When I was growing up in my mother’s home, my dog (Bishop, a golden Labrador) was prone to these accidents as well and as such, my grandmother taught both my mother and me the ins and outs of avoiding bacteria buildup and that inevitable, unbearable smell that comes along with it. The tools needed were, and still are, quite common: paper towels, white vinegar, hydrogen peroxide, rubber gloves, a scrubbing brush, dish detergent and baking soda. Some current websites also call for a black light but I have done without, so I’m certain you can too.

Use the paper towels to do an initial soak-up of all the urine; depending on how you handle bodily fluids, the rubber gloves may be useful here.  When most of the urine has been soaked up, empty half a bottle of white vinegar into a bucket and match that amount with room-temperature water. Use a scrubbing brush to get this solution down into the fibers and get rid of any collected bacteria. Then, use the paper towels (or a wet-dry vacuum, if it’s available) to dry up the area once again and once dry, sprinkle some baking powder on top of the area. Pour a mixture of one cup of hydrogen peroxide and a teaspoon of dish detergent (Palmolive works best) over the baking soda and use the scrubbing brush once more to work the mixture into the fibers.

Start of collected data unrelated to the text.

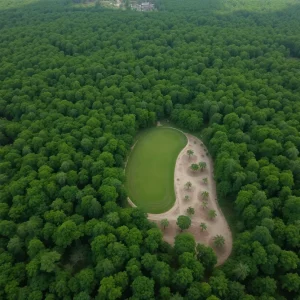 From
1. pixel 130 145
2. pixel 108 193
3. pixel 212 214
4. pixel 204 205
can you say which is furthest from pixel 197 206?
pixel 130 145

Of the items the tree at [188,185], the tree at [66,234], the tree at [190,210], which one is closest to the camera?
the tree at [66,234]

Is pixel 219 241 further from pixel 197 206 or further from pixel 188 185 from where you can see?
pixel 188 185

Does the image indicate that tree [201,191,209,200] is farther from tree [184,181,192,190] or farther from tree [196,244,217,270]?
tree [196,244,217,270]

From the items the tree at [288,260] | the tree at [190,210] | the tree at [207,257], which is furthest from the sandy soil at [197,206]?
the tree at [288,260]

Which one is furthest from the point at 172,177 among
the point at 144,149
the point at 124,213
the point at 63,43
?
the point at 63,43

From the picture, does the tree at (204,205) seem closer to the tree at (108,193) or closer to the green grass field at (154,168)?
the green grass field at (154,168)

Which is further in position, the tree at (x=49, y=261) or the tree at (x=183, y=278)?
the tree at (x=49, y=261) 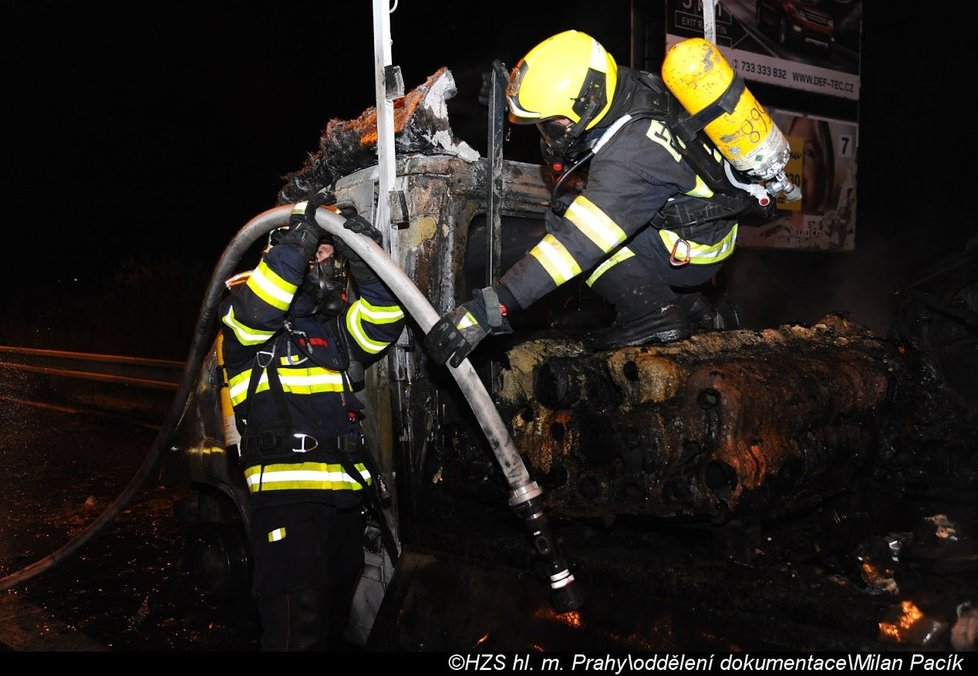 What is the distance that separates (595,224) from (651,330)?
2.09 ft

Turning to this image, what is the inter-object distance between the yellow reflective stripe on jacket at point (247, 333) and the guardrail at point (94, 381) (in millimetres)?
6753

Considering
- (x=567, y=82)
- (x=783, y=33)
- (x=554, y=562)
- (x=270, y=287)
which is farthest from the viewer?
(x=783, y=33)

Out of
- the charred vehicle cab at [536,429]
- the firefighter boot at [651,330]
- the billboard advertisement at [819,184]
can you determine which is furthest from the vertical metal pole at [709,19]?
the billboard advertisement at [819,184]

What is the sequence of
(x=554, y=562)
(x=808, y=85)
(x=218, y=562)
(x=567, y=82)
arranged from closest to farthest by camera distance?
(x=554, y=562), (x=567, y=82), (x=218, y=562), (x=808, y=85)

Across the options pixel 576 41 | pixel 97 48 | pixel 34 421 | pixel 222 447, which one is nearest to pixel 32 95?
pixel 97 48

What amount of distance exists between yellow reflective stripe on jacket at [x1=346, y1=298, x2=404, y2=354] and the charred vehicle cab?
11cm

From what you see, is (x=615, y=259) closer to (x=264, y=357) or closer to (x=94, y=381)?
(x=264, y=357)

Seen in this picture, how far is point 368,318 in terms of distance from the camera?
3.56m

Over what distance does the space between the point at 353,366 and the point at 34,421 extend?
30.5ft

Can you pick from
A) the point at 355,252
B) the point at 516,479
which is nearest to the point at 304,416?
the point at 355,252

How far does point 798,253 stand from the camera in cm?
1155

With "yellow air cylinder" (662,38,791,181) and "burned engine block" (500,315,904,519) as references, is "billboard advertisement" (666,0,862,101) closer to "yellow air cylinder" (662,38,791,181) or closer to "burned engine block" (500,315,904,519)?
"yellow air cylinder" (662,38,791,181)

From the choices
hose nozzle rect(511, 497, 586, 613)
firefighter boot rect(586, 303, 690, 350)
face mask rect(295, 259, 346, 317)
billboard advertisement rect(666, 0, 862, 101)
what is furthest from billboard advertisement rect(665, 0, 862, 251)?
hose nozzle rect(511, 497, 586, 613)

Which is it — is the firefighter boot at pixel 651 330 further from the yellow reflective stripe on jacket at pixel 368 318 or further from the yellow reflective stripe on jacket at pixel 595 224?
the yellow reflective stripe on jacket at pixel 368 318
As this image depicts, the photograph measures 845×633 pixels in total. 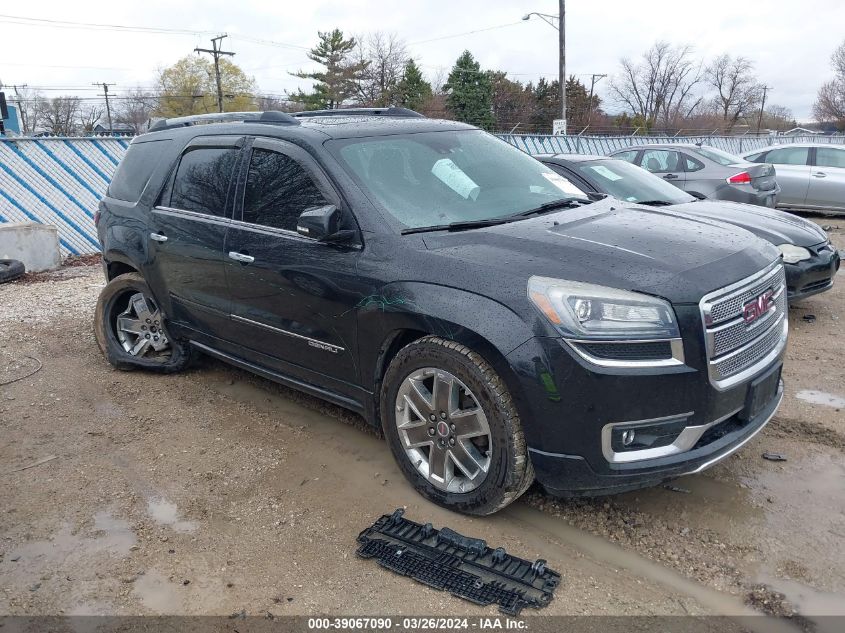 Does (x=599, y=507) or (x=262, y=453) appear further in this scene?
Answer: (x=262, y=453)

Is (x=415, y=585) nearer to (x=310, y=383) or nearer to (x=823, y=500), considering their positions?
(x=310, y=383)

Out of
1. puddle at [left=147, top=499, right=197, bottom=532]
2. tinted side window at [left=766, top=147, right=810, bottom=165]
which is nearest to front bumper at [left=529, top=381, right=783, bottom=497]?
puddle at [left=147, top=499, right=197, bottom=532]

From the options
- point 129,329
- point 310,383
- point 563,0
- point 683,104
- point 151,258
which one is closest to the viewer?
point 310,383

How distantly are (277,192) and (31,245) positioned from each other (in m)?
7.42

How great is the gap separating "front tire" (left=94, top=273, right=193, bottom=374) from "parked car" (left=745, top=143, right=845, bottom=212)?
11.9 m

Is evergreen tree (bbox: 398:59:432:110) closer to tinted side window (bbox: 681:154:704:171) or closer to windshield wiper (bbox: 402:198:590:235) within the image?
tinted side window (bbox: 681:154:704:171)

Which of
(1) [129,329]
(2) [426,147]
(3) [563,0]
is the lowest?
(1) [129,329]

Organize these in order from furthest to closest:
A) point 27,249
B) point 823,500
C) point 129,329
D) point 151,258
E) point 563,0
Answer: point 563,0 → point 27,249 → point 129,329 → point 151,258 → point 823,500

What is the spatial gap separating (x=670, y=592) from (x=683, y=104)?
7884cm

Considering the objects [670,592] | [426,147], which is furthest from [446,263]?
[670,592]

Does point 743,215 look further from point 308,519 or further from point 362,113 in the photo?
point 308,519

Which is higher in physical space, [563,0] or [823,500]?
[563,0]

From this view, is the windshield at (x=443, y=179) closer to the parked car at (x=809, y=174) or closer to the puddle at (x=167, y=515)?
the puddle at (x=167, y=515)

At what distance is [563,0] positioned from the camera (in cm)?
2795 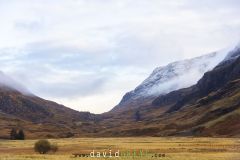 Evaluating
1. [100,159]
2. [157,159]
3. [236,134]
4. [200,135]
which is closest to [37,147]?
[100,159]

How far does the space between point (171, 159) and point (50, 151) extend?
35828mm

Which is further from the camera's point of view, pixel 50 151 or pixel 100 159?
pixel 50 151

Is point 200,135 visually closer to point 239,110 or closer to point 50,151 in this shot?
point 239,110

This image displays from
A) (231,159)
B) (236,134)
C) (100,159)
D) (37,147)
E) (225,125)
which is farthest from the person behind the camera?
(225,125)

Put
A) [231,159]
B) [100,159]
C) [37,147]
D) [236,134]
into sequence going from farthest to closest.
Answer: [236,134], [37,147], [100,159], [231,159]

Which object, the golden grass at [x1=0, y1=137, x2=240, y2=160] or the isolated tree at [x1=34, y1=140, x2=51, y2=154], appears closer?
the golden grass at [x1=0, y1=137, x2=240, y2=160]

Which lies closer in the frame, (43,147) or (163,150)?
(43,147)

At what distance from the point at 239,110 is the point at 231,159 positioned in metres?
147

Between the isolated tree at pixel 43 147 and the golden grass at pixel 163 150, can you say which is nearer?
the golden grass at pixel 163 150

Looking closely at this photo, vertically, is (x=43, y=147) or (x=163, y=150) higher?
(x=43, y=147)

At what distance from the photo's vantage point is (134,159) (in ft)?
187

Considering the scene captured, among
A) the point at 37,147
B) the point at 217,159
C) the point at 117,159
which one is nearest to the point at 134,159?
the point at 117,159

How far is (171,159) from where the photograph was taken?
186 ft

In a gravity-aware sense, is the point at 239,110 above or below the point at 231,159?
above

After you dry the last bit, the bacteria should be gone for good and your carpet should be in the clear until the next time your pup can’t keep him/herself in check. To be completely honest, this isn’t a family secret: most professional maids know this technique inside out. Nevertheless, it’s a nice process to have in your back pocket, especially if you’re a pet owner and have extensive carpeting in your house. It might very well save your next Christmas from smelling like the inside of a busy kennel.